Monte Roraima National Park was created by decree 97.887 of 28 June 1989, and is administered by the Chico Mendes Institute for Biodiversity Conservation (ICMBio).
It is classed as IUCN protected area category II (national park).
The objectives are preservation of natural ecosystems of great ecological relevance and scenic beauty, and enabling scientific research, environmental education and interpretation, recreation in contact with nature and ecological tourism.
As early as 1990 the countries that participate in the Amazonian Cooperation Treaty had recommended expanding Venezuela's Canaima National Park southward to connect it with Monte Roraima National Park, with coordinated management of tourism, research and conservation.

The management plan was finalised in May 2000.
Due to lack of money the park still existed only on paper until 2001, when the United Nations provided money to implement and manage parks in Brazil.
The indigenous people became concerned when the Brazilian Institute of Environment and Renewable Natural Resources (IBAMA) began to implement the management plan.
This included erecting a headquarters building, and potentially removing the indigenous Ingarikó and Macushi people from the park.
These people had used the area for many years for hunting, farming and religious practices.
The conflict was hard to resolve, since de-gazetting the park would require a major legislative change, as would allowing the indigenous people to use the park.

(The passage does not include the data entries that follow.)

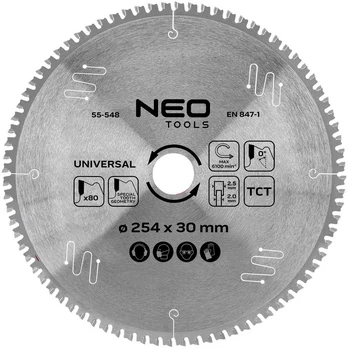 Neo Tools Diskinio pjūklo diskas, Widia, 254 x 30 mm, 80 dantų, universalus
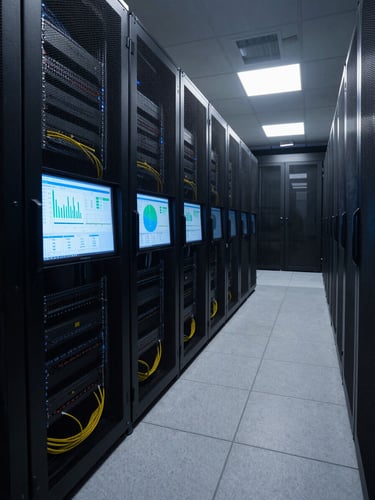 Wide-angle view of a server room corridor at dusk, monitor screens displaying Power BI dashboard charts and KPI metrics in cool blue tones, precise cable management visible in foreground, left-side composition with generous dark space on the right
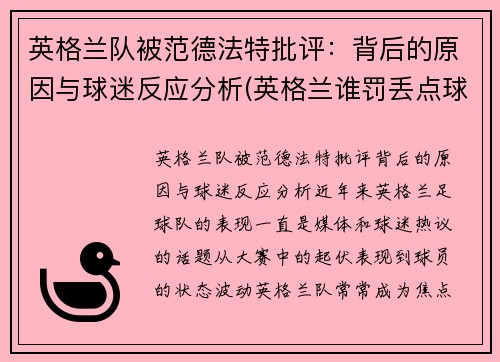 英格兰队被范德法特批评：背后的原因与球迷反应分析(英格兰谁罚丢点球)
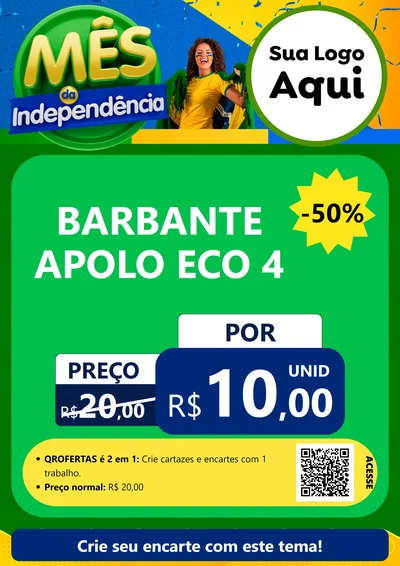 Modelo de Cartaz para Cartaz A4 Vertical com o tema Mês da Independência para Armarinho e Aviamentos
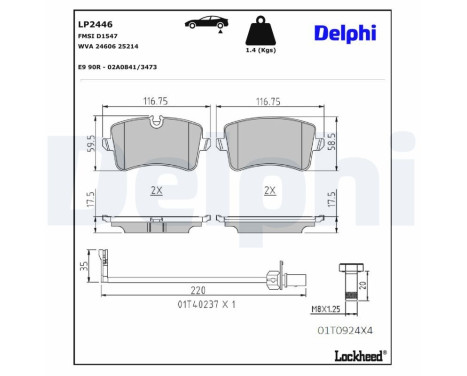 Brake Pad Set, disc brake LP2446 Delphi, Image 4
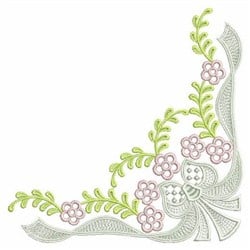 Floral Corner Embroidery Design 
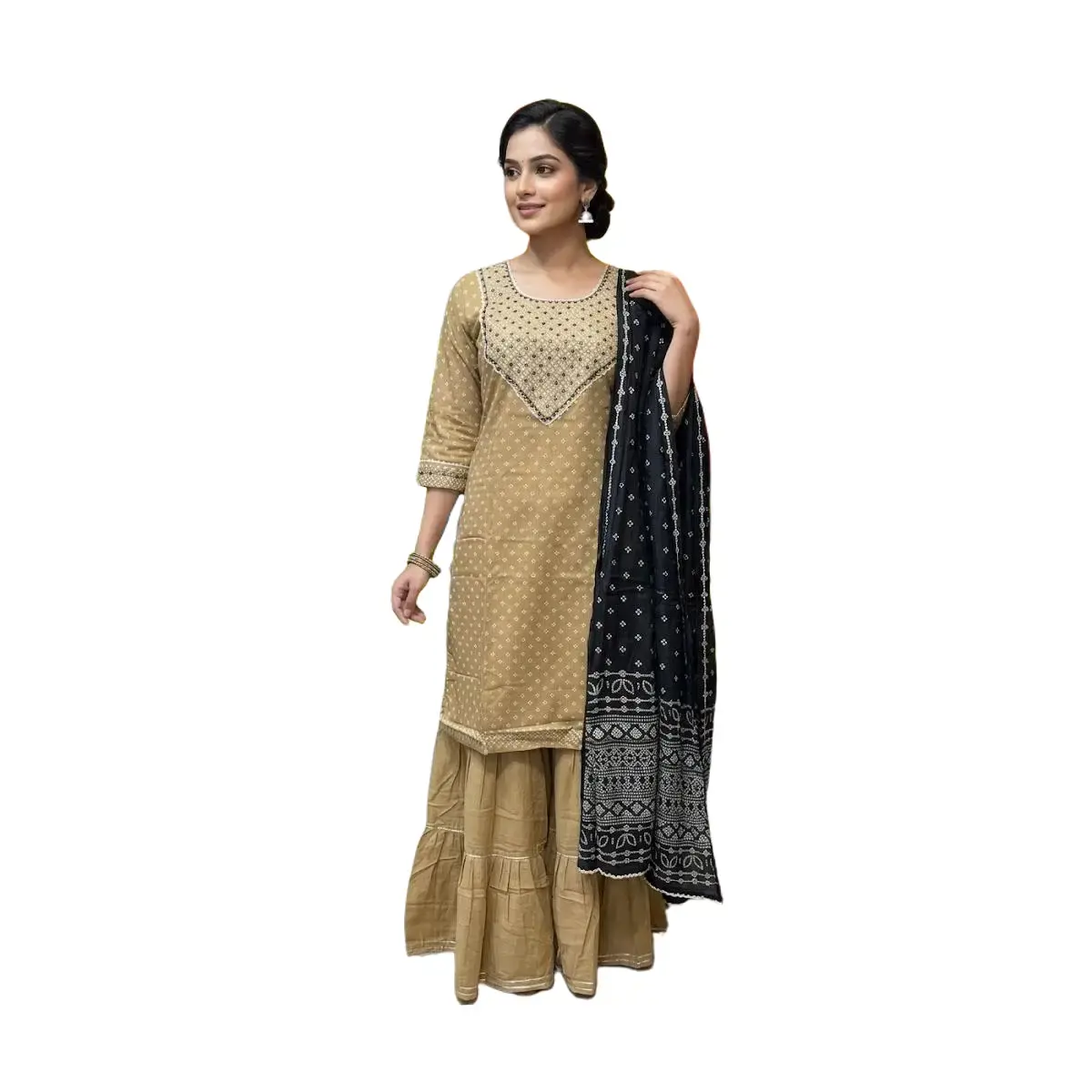 3PS-33 Beige Sharara Set with Black Contrast Dupatta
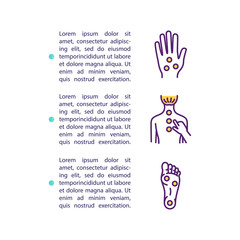 Fototapeta premium Acupressure concept icon with text. Kinesiology technique. Acupuncture points. Promoting relaxation. PPT page vector template. Brochure, magazine, booklet design element with linear illustrations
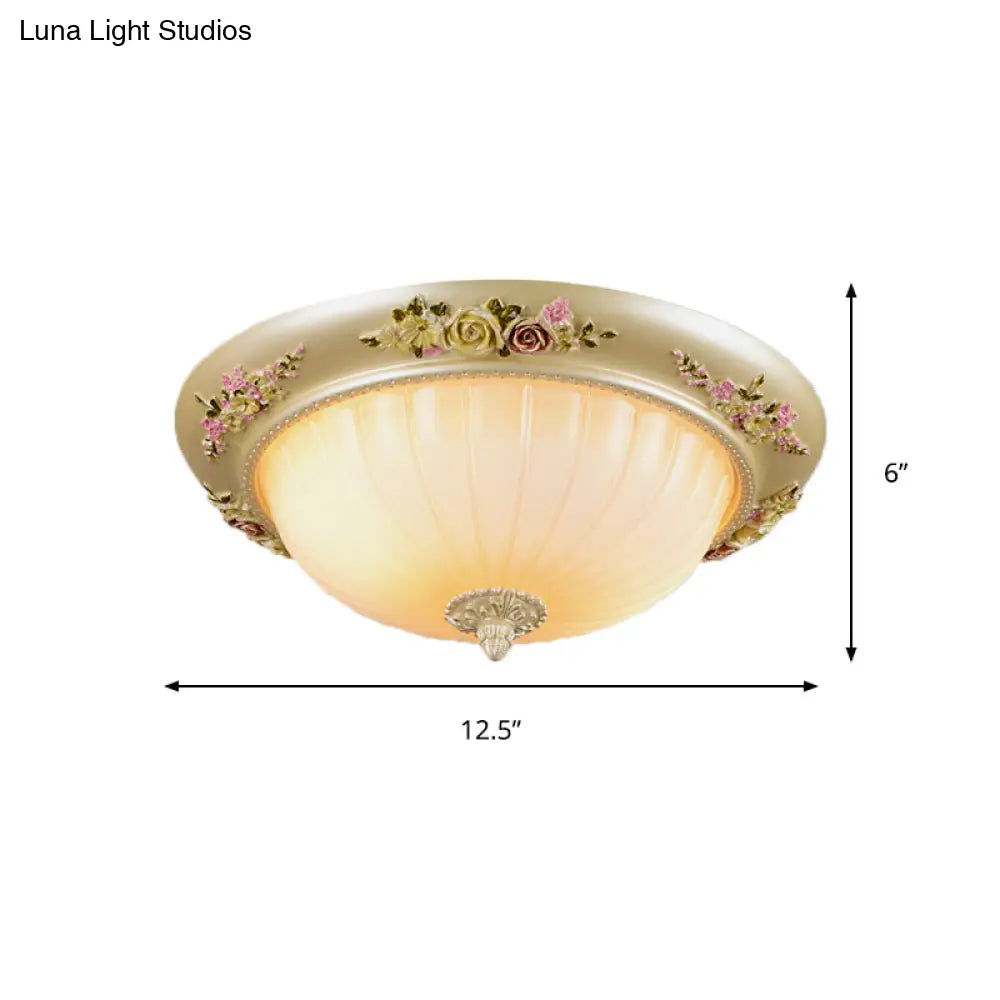 Beige Fluted Glass Flush Light Farmhouse Ceiling Lighting 2/3-Head 12.5/14.5/19 Width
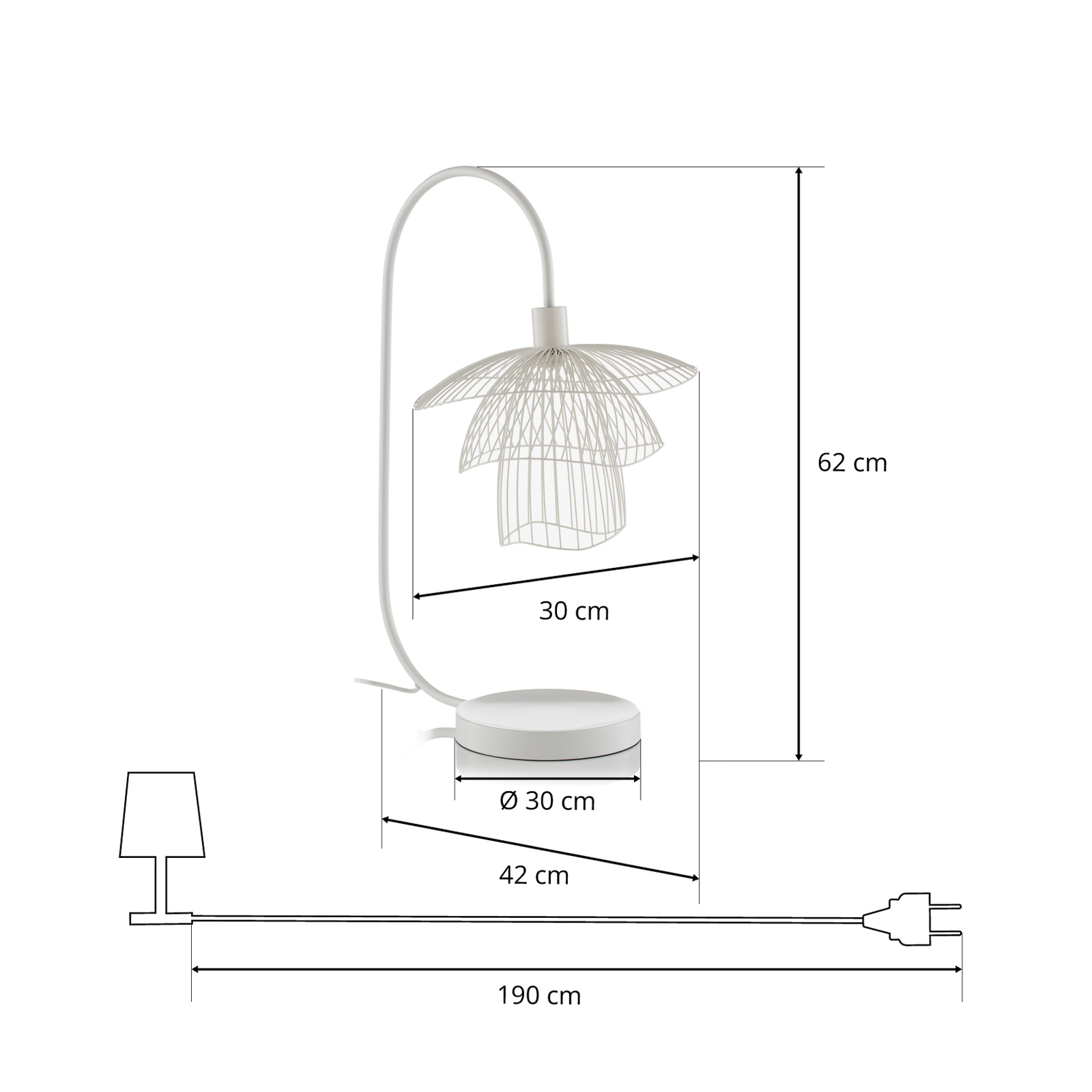 Forestier Papillon XS lampă de masă alb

Due to land disputes and the movement to create the indigenous territory of Raposa Serra do Sol the management plan was not ratified by ICMBio.
From 2002 IBAMA technicians worked with the Ingarikó in the area.
On 15 April 2005 the area was completely assigned to Fundação Nacional do Índio (FUNAI: National Indian Foundation) through the "dual affectation" legal device created by the federal government with recognition of the Raposa Serra do Sol Indigenous Territory.
Under the decree of 15 April 2005 the boundaries of the Raposa Serra do Sol Indigenous Territory were ratified and Monte Roraima National Park was made Union public property with the roles of both maintaining the constitutional rights of the Indians and conserving the environment.